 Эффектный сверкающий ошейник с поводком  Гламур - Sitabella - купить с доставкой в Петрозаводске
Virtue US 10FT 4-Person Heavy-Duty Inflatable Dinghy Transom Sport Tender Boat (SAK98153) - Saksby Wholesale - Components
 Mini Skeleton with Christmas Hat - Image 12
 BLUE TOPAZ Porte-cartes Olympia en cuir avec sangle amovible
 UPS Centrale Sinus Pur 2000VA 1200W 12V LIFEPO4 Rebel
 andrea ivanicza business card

-*-*-

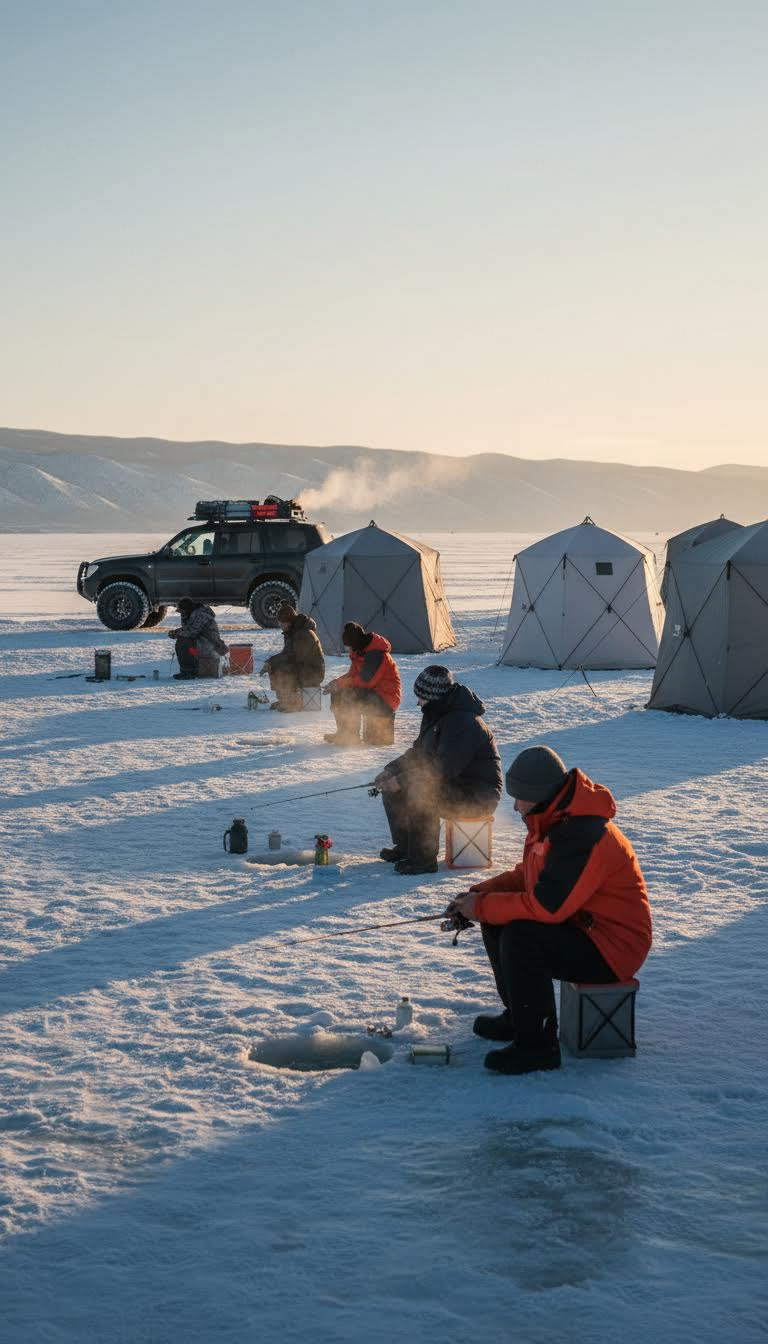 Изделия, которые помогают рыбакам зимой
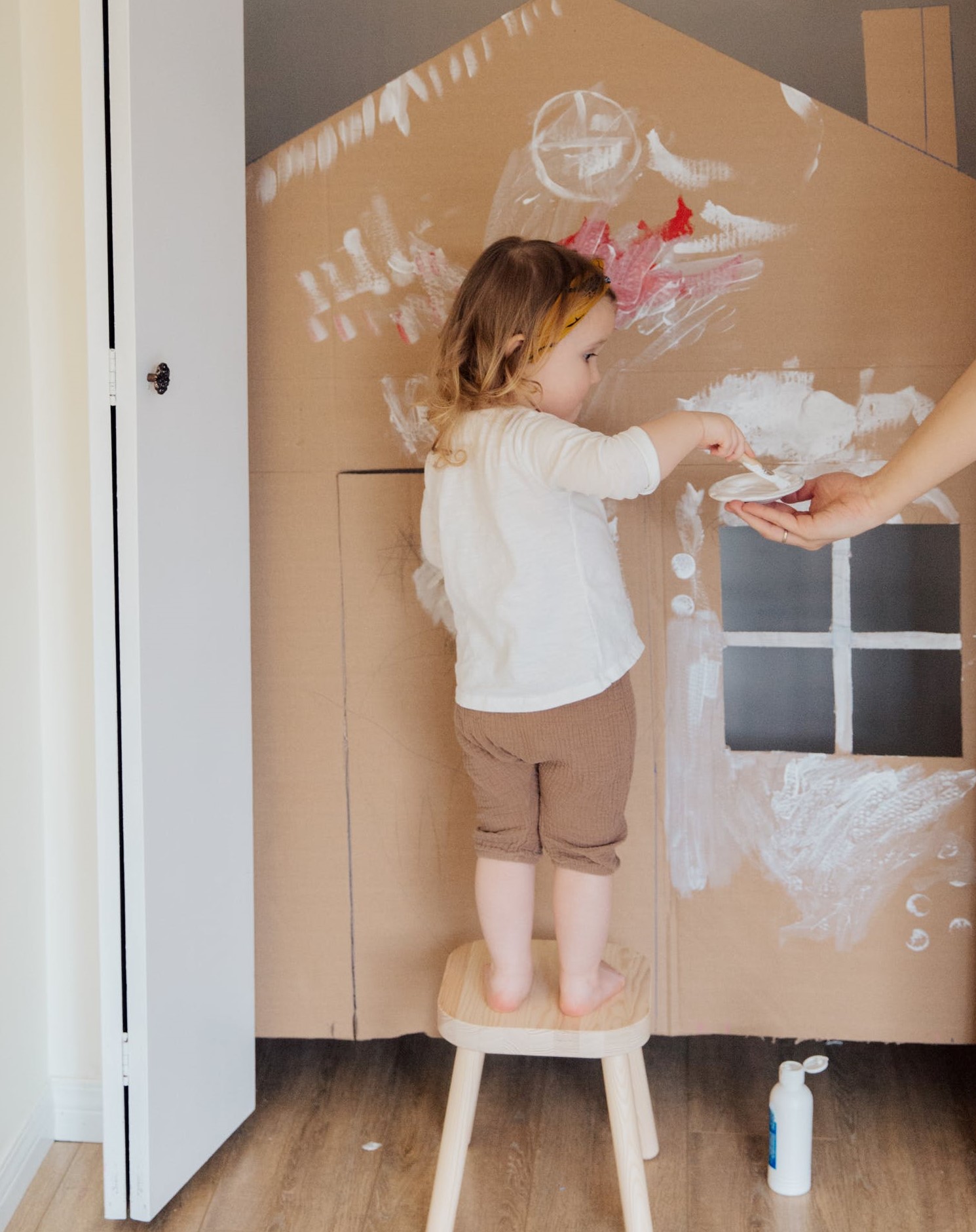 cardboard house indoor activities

-*-*-

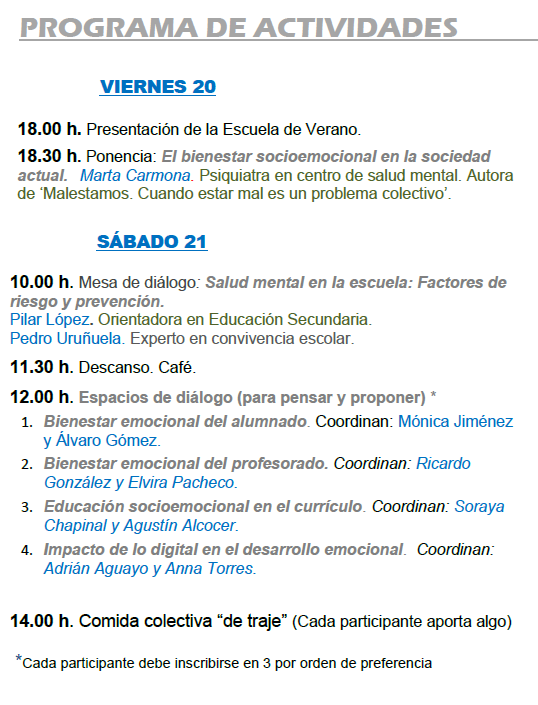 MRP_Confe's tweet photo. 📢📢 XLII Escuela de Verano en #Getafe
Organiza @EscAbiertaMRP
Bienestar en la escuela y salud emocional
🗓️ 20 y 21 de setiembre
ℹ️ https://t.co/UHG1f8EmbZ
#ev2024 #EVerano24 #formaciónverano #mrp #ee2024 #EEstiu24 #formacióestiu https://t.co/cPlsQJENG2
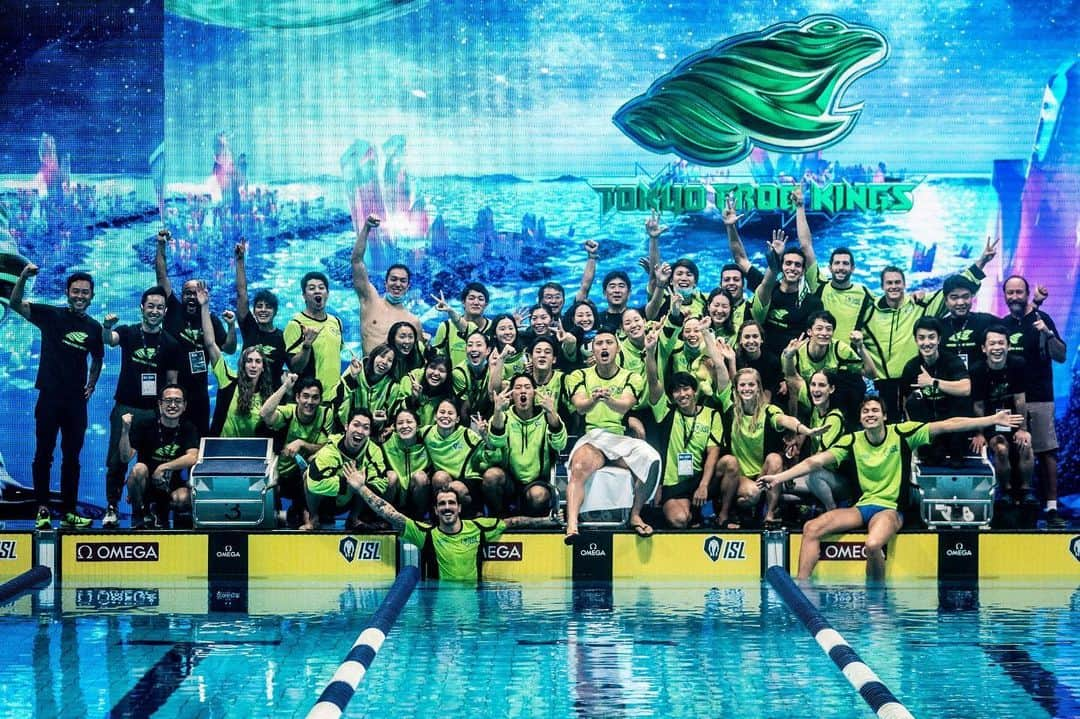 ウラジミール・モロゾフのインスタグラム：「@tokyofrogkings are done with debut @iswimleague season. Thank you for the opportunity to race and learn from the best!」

-*-*-

• **WHAT NEEDS TO BE DONE**: Please copy every line in the entries where "https" appears.

• **OUTPUT BELOW**:
ℹ️ https://t.co/UHG1f8EmbZ
#ev2024 #EVerano24 #formaciónverano #mrp #ee2024 #EEstiu24 #formacióestiu https://t.co/cPlsQJENG2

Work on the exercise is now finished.